Time signatures

Time signatures indicate the meter, and apply to all bars from where they first appear until a subsequent change of time signature. Meter describes the rhythmic pulse of music, and its division into beats and bars.

A time signature is made up of two parts, and can be described using the same mathematical terms used for fractions: numerator on top, and denominator underneath.

The numerator specifies the number of multiples of the duration specified by the denominator. The denominator doubles for every halving of the beat duration: 1 is a whole note (breve), 2 is a half note (minim), 4 is a quarter note (crotchet) and so on. Depending on your settings for time signature style, numerators and denominators can have different appearances.
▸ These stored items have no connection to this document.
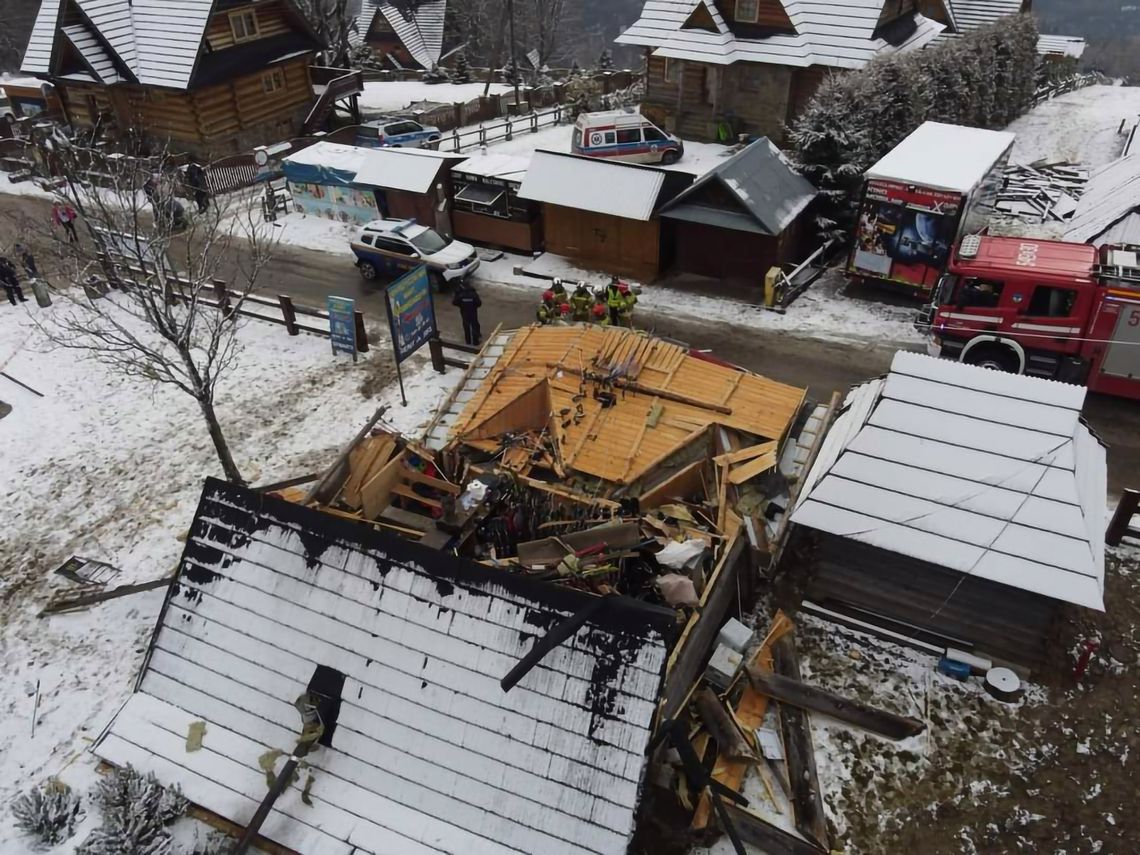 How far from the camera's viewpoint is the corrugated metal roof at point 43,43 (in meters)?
29.6

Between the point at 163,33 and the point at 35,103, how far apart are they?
9.41 metres

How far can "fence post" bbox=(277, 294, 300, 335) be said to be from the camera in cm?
1770

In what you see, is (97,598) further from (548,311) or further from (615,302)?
(615,302)

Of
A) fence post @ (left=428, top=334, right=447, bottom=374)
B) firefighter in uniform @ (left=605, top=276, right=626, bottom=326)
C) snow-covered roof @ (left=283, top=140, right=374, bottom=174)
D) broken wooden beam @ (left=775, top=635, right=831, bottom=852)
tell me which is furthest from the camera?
snow-covered roof @ (left=283, top=140, right=374, bottom=174)

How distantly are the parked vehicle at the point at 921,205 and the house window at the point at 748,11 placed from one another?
12799 mm

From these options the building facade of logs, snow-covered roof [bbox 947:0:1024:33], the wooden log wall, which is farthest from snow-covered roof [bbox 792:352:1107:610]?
the wooden log wall

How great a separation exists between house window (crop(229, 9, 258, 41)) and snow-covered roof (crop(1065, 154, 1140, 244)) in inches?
1202

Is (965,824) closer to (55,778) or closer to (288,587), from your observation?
(288,587)

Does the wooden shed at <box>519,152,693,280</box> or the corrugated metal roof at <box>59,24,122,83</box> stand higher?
the corrugated metal roof at <box>59,24,122,83</box>

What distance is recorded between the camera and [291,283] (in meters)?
21.2

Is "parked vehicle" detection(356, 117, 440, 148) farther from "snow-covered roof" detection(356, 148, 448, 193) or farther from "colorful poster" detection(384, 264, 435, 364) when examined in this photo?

For example, a 4/4 time signature tells you the bar is made up of four beats, and each of those beats is a quarter note in length. A time signature of 4/2 contains four half notes in each bar, and 4/8 contains four eighth notes (quavers) in each bar. Both 3/4 and 6/8 contain six eighth notes, but it is understood that a 3/4 bar contains three quarter note beats, whereas a 6/8 bar contains two dotted quarter note beats.

Bars are rhythmic groups, divided according to the time signature, and they make following the music much more practical. Notes are beamed differently in different time signatures, again to make the meter clear and easily readable.

By default, time signatures apply to all staves. However, there are some situations, such as in polymetric music, that require some parts to have their own time signature, independently of the rest of the ensemble. You can input time signatures that apply to all staves or only apply to single staves in Dorico.


Beat lengths are fixed across all staves in your project, regardless of the time signature. For example, if you have a 2/4 time signature on one staff and a 6/8 time signature on another staff, then one quarter note in the 2/4 time signature equals one quarter note in the 6/8 time signature, meaning their barlines do not match.